TCR transgenic mouse; H60; Peptide variants; Negative selection

MeSH Terms

Actins
Animals
Histocompatibility Antigens*
Histocompatibility*
Mice
Mice, Transgenic
Minor Histocompatibility Antigens
Peptides
T-Lymphocytes
Thymocytes*
Thymus Gland
Transplantation, Homologous
Actins
Histocompatibility Antigens
Minor Histocompatibility Antigens
Peptides

Figure

  • Figure 1 Generation and evaluation of J15 TCR transgenic mice. (A) Diagram depicting cassette vectors pTα and pTβ. Each vector has V-region (Vα and Vβ, respectively) promoter and the complete constant-region (Cα and Cβ, respectively) gene sequences and were subcloned with Vα13D-1 and Jα34-02 for the α chain (using XmaI and NotI), as well as Vβ13-1-02, Dβ2-01, and Jβ2-7-01 for the β chain (using XhoI and SacII). (B) J15 TCR transgenic mice were screened by staining the peripheral blood lymphocytes with anti-V β8.3 mAb, anti-CD8 mAb, and H60-tetramer, followed by flow-cytometric analysis. Vβ8.3 by CD8 and H60-tetramer by CD8 profiles of peripheral-blood lymphocytes from J15 and WT mice. Numbers in plots indicate the frequency of Vβ8.3 expression or H60-tetramer binding of CD8 T cells in the peripheral blood from J15 and WT mice.

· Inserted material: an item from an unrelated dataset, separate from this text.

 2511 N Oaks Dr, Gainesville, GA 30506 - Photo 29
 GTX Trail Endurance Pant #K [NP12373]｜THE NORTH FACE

  • Figure 2 Positive selection of J15 TCR transgenic T cells specific for H60. (A) CD4 by CD8 profiles (left) of thymocytes and numbers (right) of each thymic population from J15, OT-I, and WT mice on the B6 background. Numbers at the top of plots indicate total number of thymocytes. (B) Surface expression of Vβ8.3 and Vβ5.2, as well as (C) the binding of the H60- and OVA-tetramer of DN, DP, and CD8 SP thymocytes from J15, OT-I, and WT mice. (D) CD4 by CD8 profiles (left) of splenocytes and numbers (right) of CD4 and CD8 T cells in the spleen from J15, OT-I, and WT mice. (E) Surface expression of Vβ8.3 and Vβ5.2, as well as the binding of the H60- and OVA-tetramer of CD8 T cells in the spleen from J15, OT-I, and WT mice. Numbers in plots indicate the percentage of cells in each quadrant. ***p<0.001; **p<0.01; *p<0.05. Data are representative of three independent experiments and depict the mean±SD.

  • Figure 3 Negative selection of J15 TCR transgenic T cells specific for H60. (A) CD4 by CD8 profiles (left) of thymocytes and numbers (right) of each thymic population from J15-H60 Tg, J15, OT-I-OVA Tg, and OT-I mice on the B6 background. Numbers at the top of the plots indicate total number of thymocytes. (B) Surface expression of Vβ8.3 and Vβ5.2, as well as (C) the binding of the H60- and OVA-tetramer of DN, DP, and CD8 SP thymocytes from J15-H60 Tg, J15, OT-I-OVA Tg, and OT-I mice. (D) CD4 by CD8 profiles (left) of splenocytes and numbers (right) of CD4 and CD8 T cells in the spleen from J15-H60 Tg, J15, OT-I-OVA Tg, and OT-I mice. (E) Surface expression of Vβ8.3 and Vβ5.2, as well as the binding of the H60- and OVA-tetramer of CD8 T cells in the spleen from J15-H60 Tg, J15, OT-I-OVA Tg, and OT-I mice. Numbers in plots indicate the percentage of cells in each quadrant. ***p<0.001; **p<0.01. Data are representative of three independent experiments and depict the mean±SD.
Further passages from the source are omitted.